The musical policy has expanded over the festival's eight years, from being dominated by what you could loosely call the “folk diaspora”, to a point now where the sounds you hear from the largest stages tend towards a kind of intelligent indie-rock and modern psychedelia. Thus the main stage headliners on Friday were Mancunian survivors Doves (actually a little boring bar their three or four brilliant songs), and on Saturday were festival perennial neo-hippies The Flaming Lips (an audio-visual feast, if slightly sugary – like a rock version of Disney's Fantasia). (Singer Wayne Coyne pictured above.)
But folk/ acoustic music is still a vital part of the festival's identity, hence harp-plucking warbler Joanna Newsom headlining Sunday (I've tried, honestly I've tried, but my God she's annoying), preceded on the main stage by current darlings of the bearded set Laura Marling (charming despite her bashfulness) and Mumford & Sons (actually very rousing, although they still sound to me like The Levellers after a good bath, hair cut and stern talking-to from their dads).
There was plenty more folky doings besides this during the day on smaller stages, including some real highlights which showed the full range from traditionalism to modernism, often all in one go.
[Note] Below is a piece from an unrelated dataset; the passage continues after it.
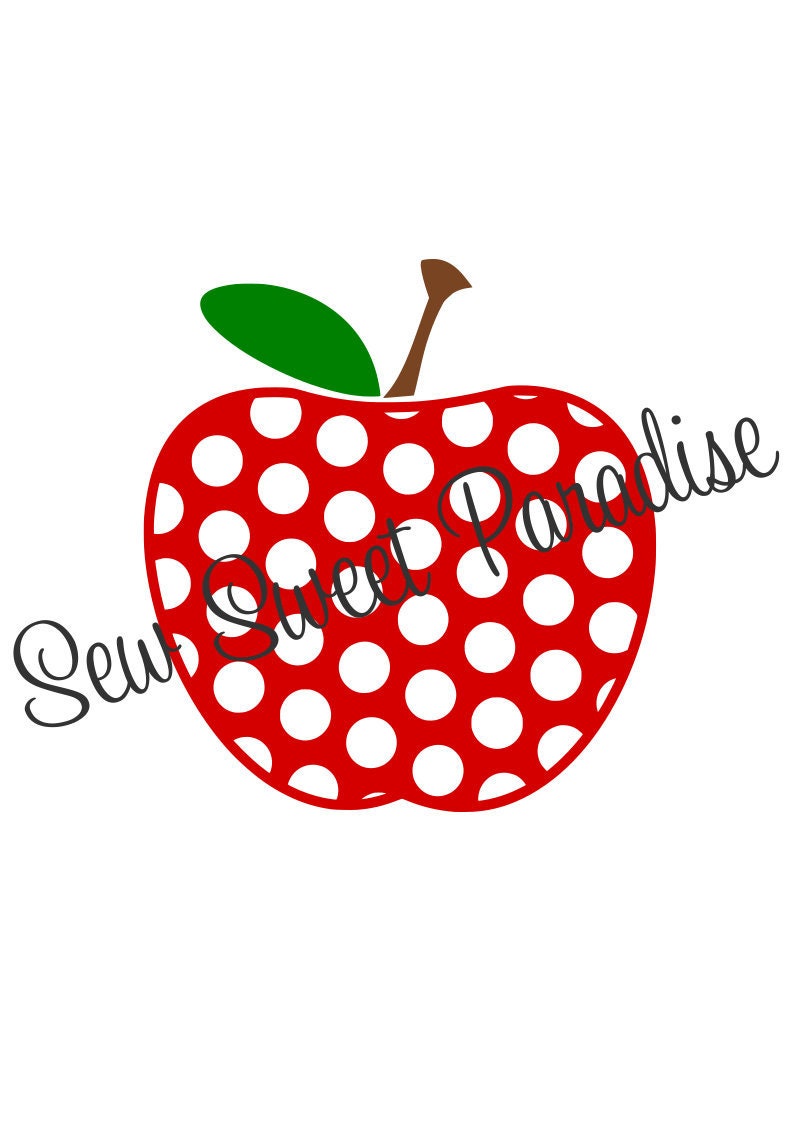 Apple SVG Apple Polka Dot SVG Teacher SVG School Digital | Etsy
Mountain Man – in fact an all-female a capella trio from Vermont – mixed hip banter with the most shiveringly lovely and ancient-feeling harmonies. Their charismatic but cryptic New England fellow countryman Sam Amidon had none of the electronic/ classical trappings of his collaborations with Nico Muhly and co, allowing his powerful voice to shine on a series of traditional songs.
The ginger-moustachioed John Smith demonstrated an equally manly larynx not only on a set of English folk songs, but on covers of “Singin' in the Rain” and Terence Trent D'Arby's 1980s soul hit “Sign Your Name”, both delivered dead straight and both delighting a mid-afternoon audience. Later at night the Balearic Folk Orchestra, convened by Stephen Cracknell of the Memory Band, had an audience dancing to equally non-ironic acoustic cover versions of dance hits, including spectacular takes on “Where Love Lives” by Alison Limerick and Grace Jones's “La vie en rose”.
So it continued: the swooning English pastoral mini chamber-orchestra Message To Bears stole hearts at lunchtime, while the massed arrangements of Danish multi-instrumentalists Efterklang and the constantly-evolving mutant dubstep of James Blake sent ravers into raptures late at night. The delightfully named Cock Diesel soundsystem played rare and astounding psychedelic rock singles while showing a montage of motorcycle movies, while poetic indie band Wild Beasts showed real power and clearly won a fair few new fans. An extensive programme of science and literary talks, too, was far more than mere tacking on of worthy culture but was frequently packed with fully engaged audiences.
If by 4am Sunday night there was a looming sense of weariness and dread about the packing, trudging and driving that was to follow the next day, again the distractions kept it at bay. To be surrounded by a knowledgeable and energetic crowd who were ready to have their eyes opened to such a variety of culture – not in a hip, chasing-the-latest-thing way, either – was a pleasure and a privilege, and even the mud couldn't spoil that.